Playwright Janet Allard (left) and director Amy Seham watch a rehearsal of Clockworks: Einstein Time.

Playwright Janet Allard (left) and director Amy Seham watch a rehearsal of Clockworks: Einstein Time.

Award-winning playwright Janet Allard’s newest play, Clockworks: Einstein Time, commissioned by Gustavus Adolphus College, premieres in Anderson Theatre on the Gustavus campus, Tuesday, September 27, as part of the 2005 Nobel Conference, The Legacy of Einstein. Since tickets are limited to conference participants for the premiere, additional performances are scheduled for 8:00 p.m. September 29, 30, and October 1, and 2:00 p.m. on October 2 in Anderson Theatre. Tickets for these additional performances are available at the Gustavus Ticket Center or by calling (507) 933-7590.

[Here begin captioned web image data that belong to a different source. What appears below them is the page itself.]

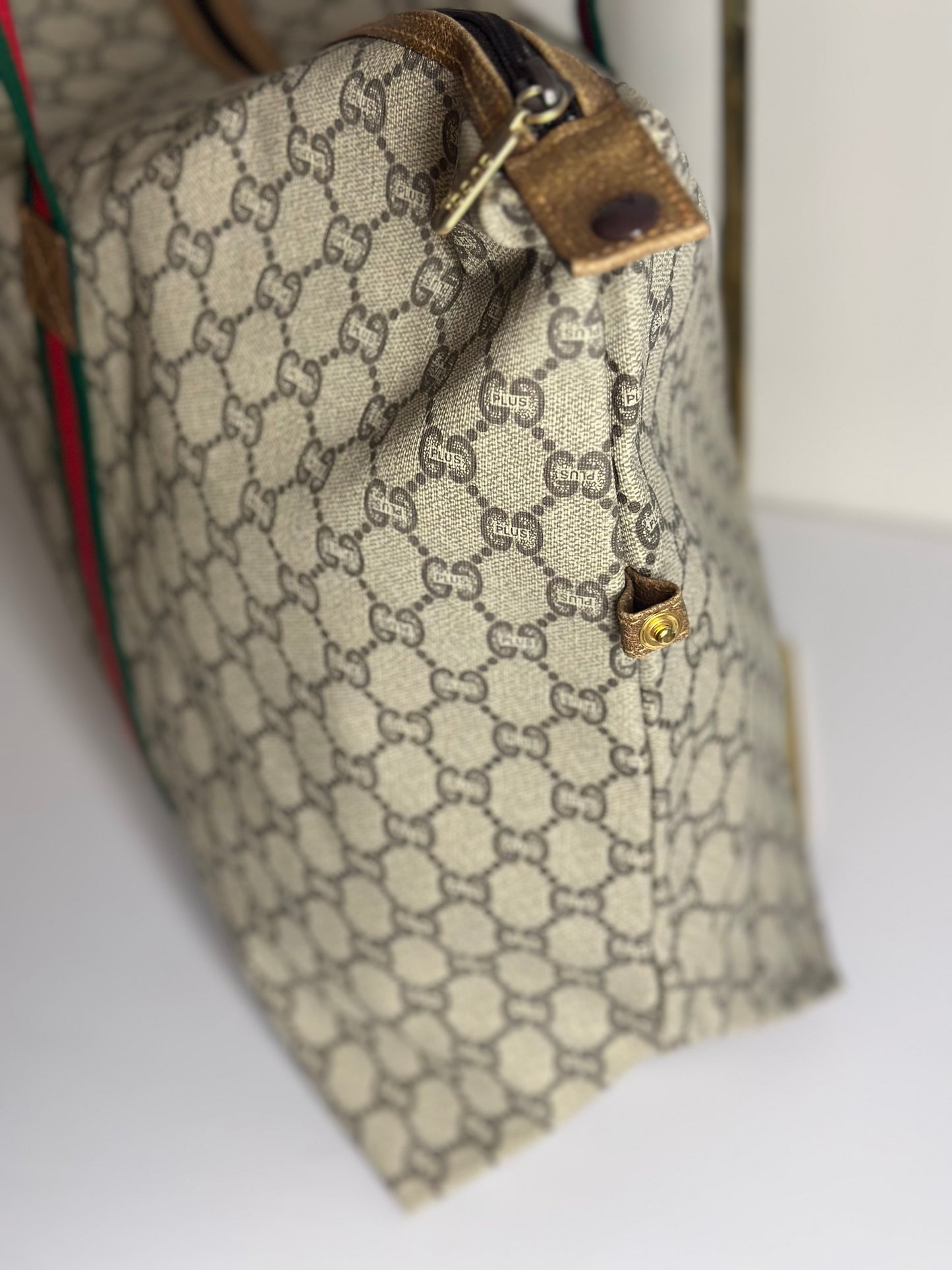 Pre-owned Gucci Vintage GG Plus canvas Sherry line weekender tote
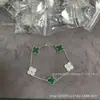 Pulsera floral de trébol de cuatro hojas de la suerte para mujer, joyería floral de lujo ligero de cinco flores con un toque de alta gama, adecuada para superponer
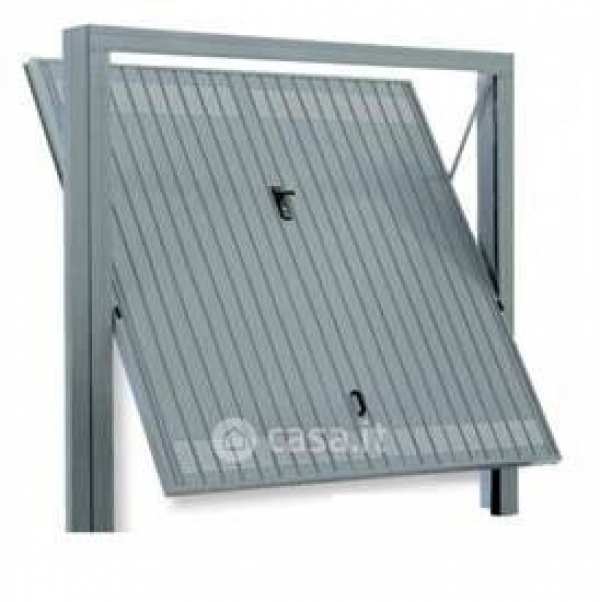 Box/posto auto in residenziale in Via Silvio Pellico 31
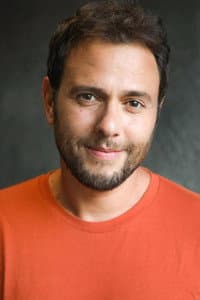 Vinicius Zinn in Stay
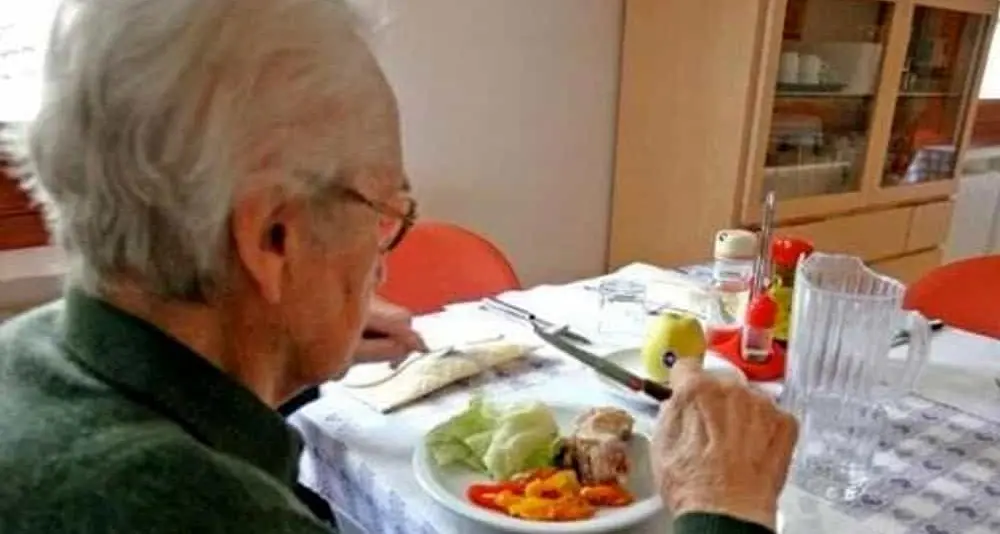 Trento, le Acli portano il pranzo pasquale agli anziani soli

Director Amy Seham describes Allard’s play as a series of vignettes on how we perceive time. Albert Einstein may have brought the world relativity in the physical sense, but he also questioned our perception of time and it’s “relative” sense. For some, time passes quickly as the child becomes an adult overnight. For others, it drags slowly along as a child eagerly awaits an important holiday. Some never leave the past as they revel in the glory days of high school or college, wanting to recapture the past, a time that never ends.

Throughout the play, Allard uses Einstein’s own words to develop the perceptions people have of time and how it is used. Allard delves into the subject as she examines the introspective Einstein quoted as saying “the only life worth living is one lived for other people.” These words were the impetus for Gustavus’ Center for Vocational Reflection to commission Janet Allard to write a play to speak to the various aspects of Einstein’s connection to time. What inspired him, how did art and theatre speak to this man, what did his chosen career mean for him and for mankind? And for us today, what do these questions mean for us?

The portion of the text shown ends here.